> _About this exercise_: Search each line of the data for the word "Volkswagen"; copy every line where it is found.

(Beginning of Records supplied)

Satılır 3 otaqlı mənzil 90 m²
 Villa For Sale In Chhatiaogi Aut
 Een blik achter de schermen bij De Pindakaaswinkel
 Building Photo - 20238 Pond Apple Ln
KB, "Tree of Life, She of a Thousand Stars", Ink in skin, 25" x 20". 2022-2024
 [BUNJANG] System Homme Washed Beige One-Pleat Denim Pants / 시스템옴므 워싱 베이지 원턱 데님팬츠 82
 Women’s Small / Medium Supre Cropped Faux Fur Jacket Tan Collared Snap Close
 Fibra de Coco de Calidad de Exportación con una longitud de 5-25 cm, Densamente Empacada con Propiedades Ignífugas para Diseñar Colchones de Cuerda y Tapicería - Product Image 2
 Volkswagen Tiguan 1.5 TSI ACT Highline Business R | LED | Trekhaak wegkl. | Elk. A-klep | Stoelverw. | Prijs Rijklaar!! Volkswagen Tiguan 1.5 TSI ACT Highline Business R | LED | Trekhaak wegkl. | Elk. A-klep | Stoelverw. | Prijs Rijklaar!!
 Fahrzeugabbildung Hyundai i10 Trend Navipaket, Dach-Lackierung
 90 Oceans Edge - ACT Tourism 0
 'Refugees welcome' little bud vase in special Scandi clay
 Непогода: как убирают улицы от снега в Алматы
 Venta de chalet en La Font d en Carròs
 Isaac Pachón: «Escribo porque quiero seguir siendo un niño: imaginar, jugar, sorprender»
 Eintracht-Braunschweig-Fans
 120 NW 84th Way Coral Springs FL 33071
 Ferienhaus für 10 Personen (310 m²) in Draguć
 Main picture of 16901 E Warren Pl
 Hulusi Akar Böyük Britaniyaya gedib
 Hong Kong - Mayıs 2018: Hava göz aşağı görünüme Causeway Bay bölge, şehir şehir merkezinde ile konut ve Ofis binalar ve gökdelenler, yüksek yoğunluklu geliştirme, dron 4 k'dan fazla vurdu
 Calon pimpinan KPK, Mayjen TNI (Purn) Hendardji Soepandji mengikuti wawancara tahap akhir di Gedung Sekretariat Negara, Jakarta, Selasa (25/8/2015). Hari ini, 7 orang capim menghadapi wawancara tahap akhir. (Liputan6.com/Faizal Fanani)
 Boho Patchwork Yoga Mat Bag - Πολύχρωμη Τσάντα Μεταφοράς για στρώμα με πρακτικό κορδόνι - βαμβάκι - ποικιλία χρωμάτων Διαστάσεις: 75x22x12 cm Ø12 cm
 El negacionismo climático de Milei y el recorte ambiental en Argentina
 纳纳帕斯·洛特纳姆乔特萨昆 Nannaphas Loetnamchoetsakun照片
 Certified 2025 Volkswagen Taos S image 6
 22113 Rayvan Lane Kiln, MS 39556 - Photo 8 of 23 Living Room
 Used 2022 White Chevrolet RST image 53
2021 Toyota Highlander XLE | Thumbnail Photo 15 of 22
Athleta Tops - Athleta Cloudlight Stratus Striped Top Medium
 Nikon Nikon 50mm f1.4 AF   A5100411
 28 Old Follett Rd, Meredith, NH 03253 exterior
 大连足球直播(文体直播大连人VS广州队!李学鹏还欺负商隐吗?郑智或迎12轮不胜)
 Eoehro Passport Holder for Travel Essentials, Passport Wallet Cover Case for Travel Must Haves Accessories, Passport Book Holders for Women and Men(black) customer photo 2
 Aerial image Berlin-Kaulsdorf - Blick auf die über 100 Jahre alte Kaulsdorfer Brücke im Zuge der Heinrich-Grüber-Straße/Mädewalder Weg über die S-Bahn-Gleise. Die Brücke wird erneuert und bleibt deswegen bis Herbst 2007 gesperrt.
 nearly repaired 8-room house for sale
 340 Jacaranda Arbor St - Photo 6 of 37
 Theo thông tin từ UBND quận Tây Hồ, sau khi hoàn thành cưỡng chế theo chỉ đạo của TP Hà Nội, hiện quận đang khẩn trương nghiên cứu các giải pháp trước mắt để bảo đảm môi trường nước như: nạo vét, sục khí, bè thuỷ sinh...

(End of Records supplied)

> _Solution_:
 Volkswagen Tiguan 1.5 TSI ACT Highline Business R | LED | Trekhaak wegkl. | Elk. A-klep | Stoelverw. | Prijs Rijklaar!! Volkswagen Tiguan 1.5 TSI ACT Highline Business R | LED | Trekhaak wegkl. | Elk. A-klep | Stoelverw. | Prijs Rijklaar!!
 Certified 2025 Volkswagen Taos S image 6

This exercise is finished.